Where are you actually from? In a globalised world, where more and more people move around and continuously have to renew their ties with their environment, the idea of ”place” as a source of individual or national identity has to be reconsidered.

Much of the Norwegian architecture debate during the last three decades of the 20th century circled around the concept of Genius Loci – the spirit of place. The Norwegian architectural theorist Christian Norberg-Schulz was one of those who, during the 1980s, put forward the notion of endemicity as perhaps the most important of architectural principles. Architecture was defined as a form of “Place Art”. But this concept is fundamentally problematic in a world where nearly a billion people are migrants or long-term commuters across national borders and many more move to places far from where they once grew up. What does this entail for the identity of a location – and for the architecture built there?

Architects work within a discipline where the development of practice has not been dependent on theoretical innovations. To take an extreme view, what we architects have formulated, from Roman times to the present, have either been time dependent “design postulates” or interpretations and adaptations of theories from different disciplines. These sparse formulations nonetheless constitute the maps of our discipline. The question is, then, whether the maps provided by Norberg-Schulz are of any help to our navigation?

A reflection of a Norwegian identity? Passive energy houses, Tromsø, by Steinsvik Arkitektkontor.
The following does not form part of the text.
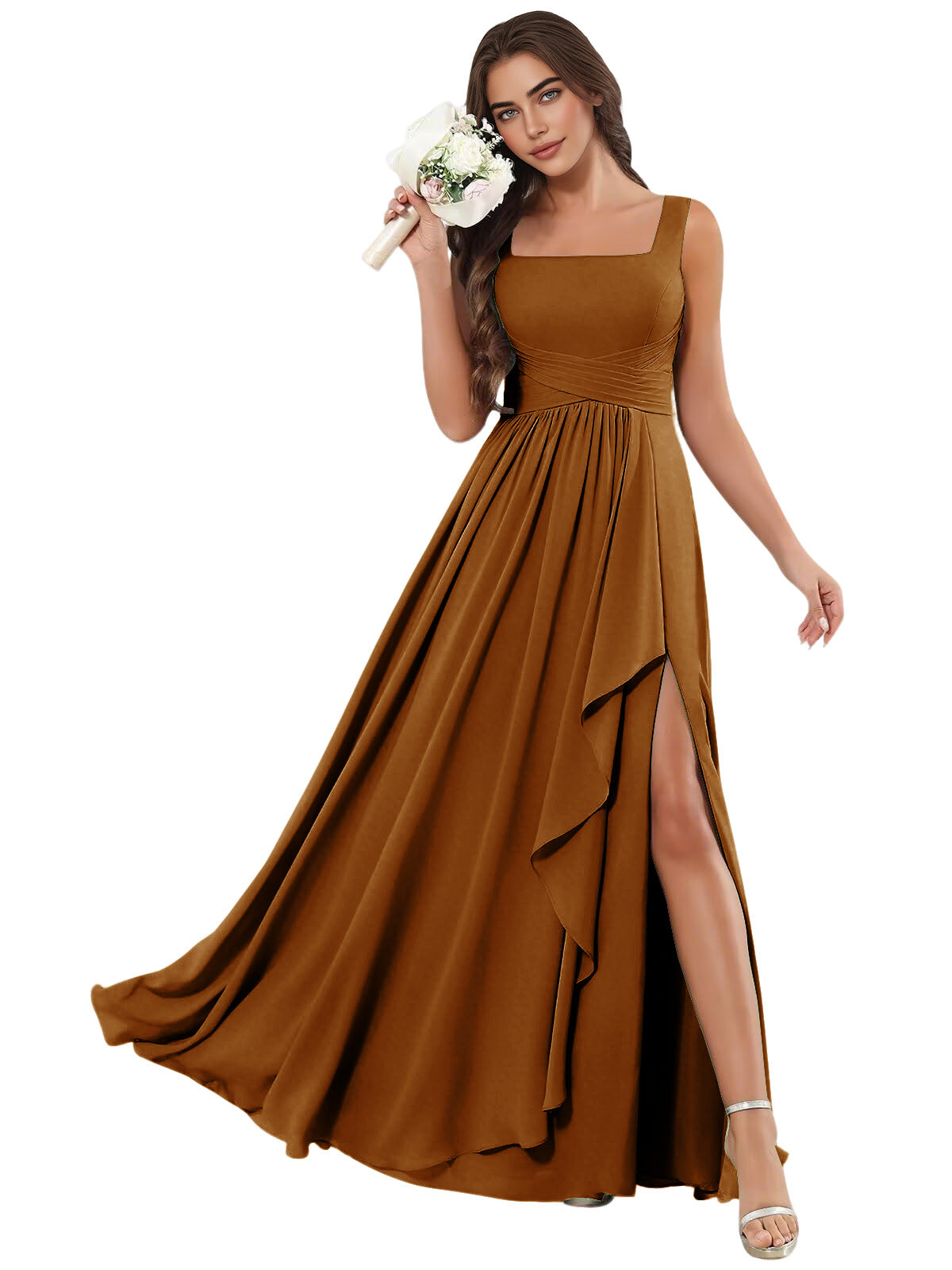 Square Neck Chiffon Bridesmaid Dress with Corset Back and Slit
In the following, I will approach this question from a practical rather than a theoretical angle. The grand Theories of Place must be reformulated by others. My small contribution is based on reflections grounded in having worked abroad as well as experience and studies of reconstruction after war and disasters. The latter is important as underlying ideologies – including architectural ideologies – seem to become more visible in such extreme situations. This primarily applies to the notion that one’s identity is inextricably bound to and formed by a specific territory, language and religion, which we refer to as a notion of “primordial ethnicity”. Norberg-Schulz’s Genius Loci-concept may seem to lie dangerously close to such fundamentalist spheres of thought. “Identity architecture” may thus easily become a hazardous project. For instance, for me personally, no “Norwegian” architecture exists other than buildings erected in Norway. And moreover – and here lies the primordialist stumbling block – Norwegian architecture is not dependent on the architect being Norwegian. By analogy, what we refer to as Le Corbusier’s Chandigarh complex has actually become part of the Indian architectural heritage, as is Mughal architecture. The latter was also ’inflicted’ upon India at one time.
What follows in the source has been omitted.